(Aim of the exercise): Beginning at the line containing "10.2KW Manufacturer China", give again every line through the end of the data, unchanged and with both ends included. Drop any pictures.

═══ Working data ═══

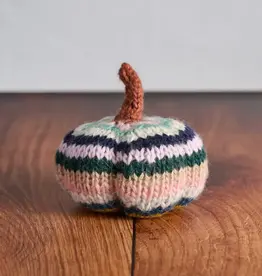dZi Handmade Spices & Stripes Wool Pumpkin - Assorted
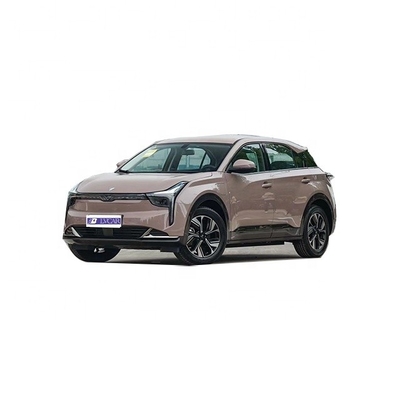 Neta U-II 500's neueste elektrische SUV für Haushalte 500 km reine elektrische Reichweite in Braun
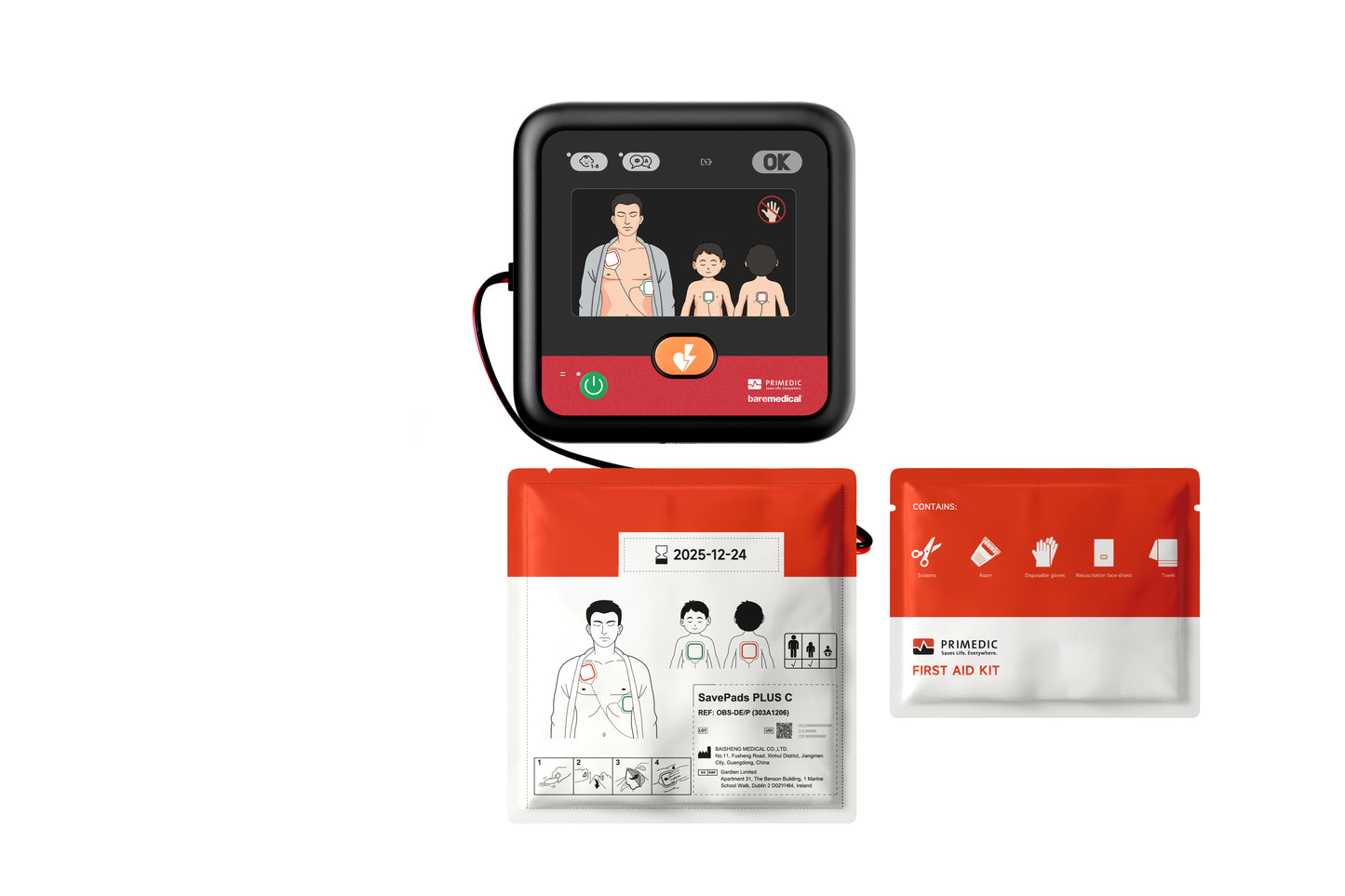 PRIMEDIC HeartSave myPAD 670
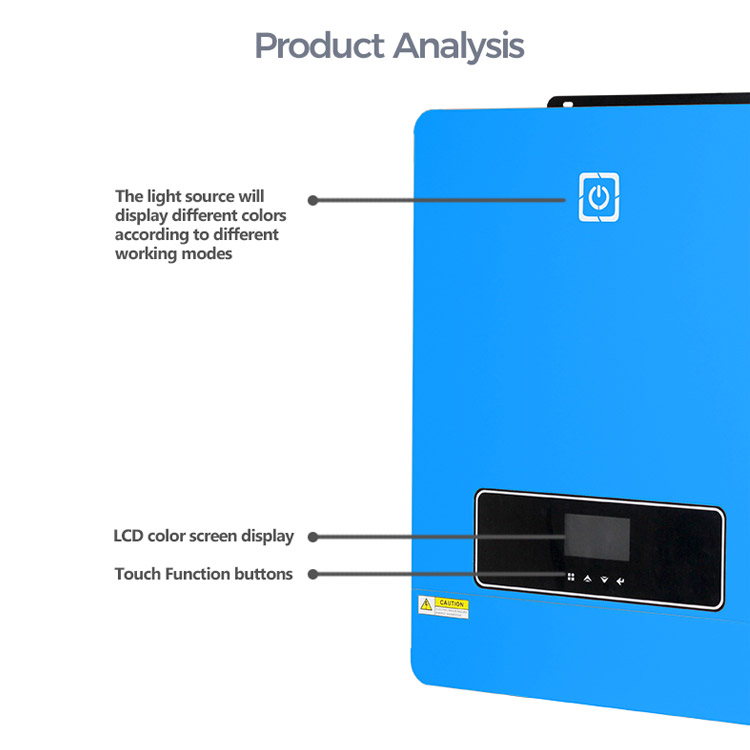 10.2KW Manufacturer China Wholesale Solar Inverter Micro Grid Tie Solar Inverter With 100% Safety 10Kw Hybrid Solar Inverter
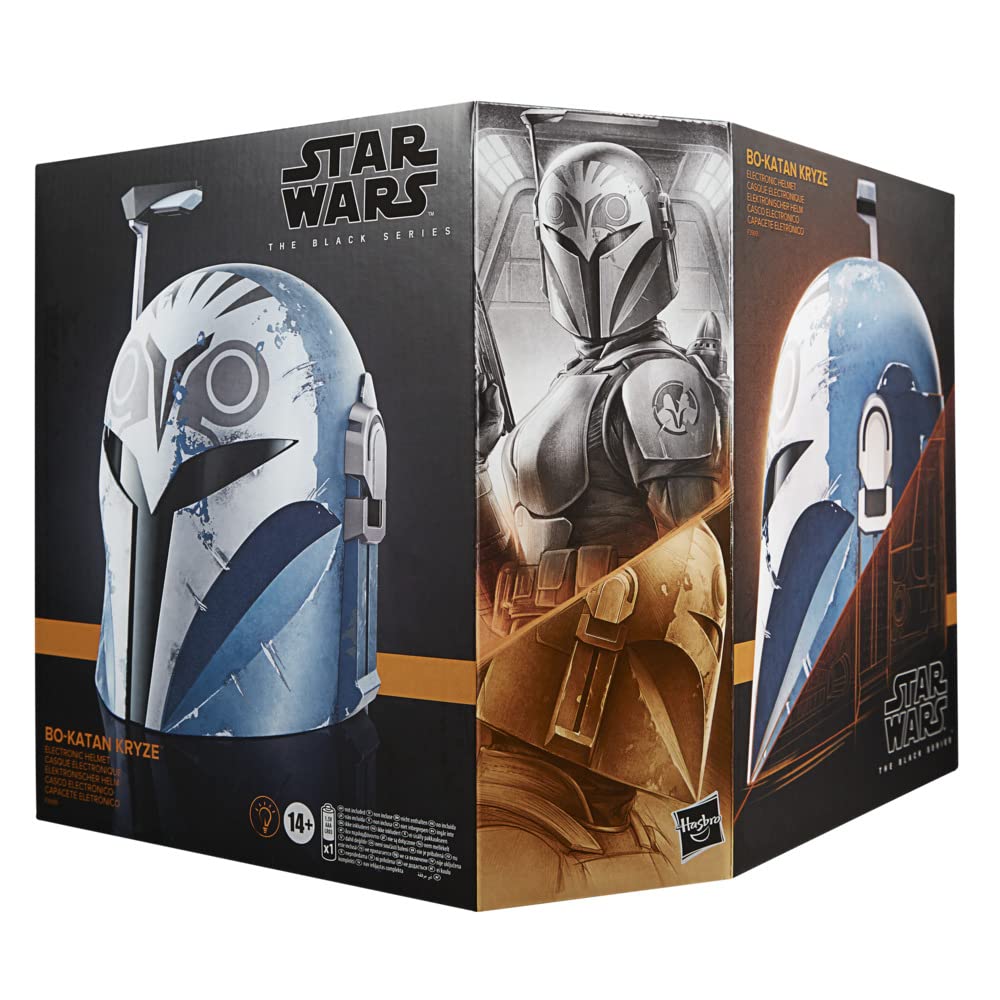 THE BLACK SERIES STAR WARS CASCO BO-KATAN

═══

(Your response):
 10.2KW Manufacturer China Wholesale Solar Inverter Micro Grid Tie Solar Inverter With 100% Safety 10Kw Hybrid Solar Inverter
 THE BLACK SERIES STAR WARS CASCO BO-KATAN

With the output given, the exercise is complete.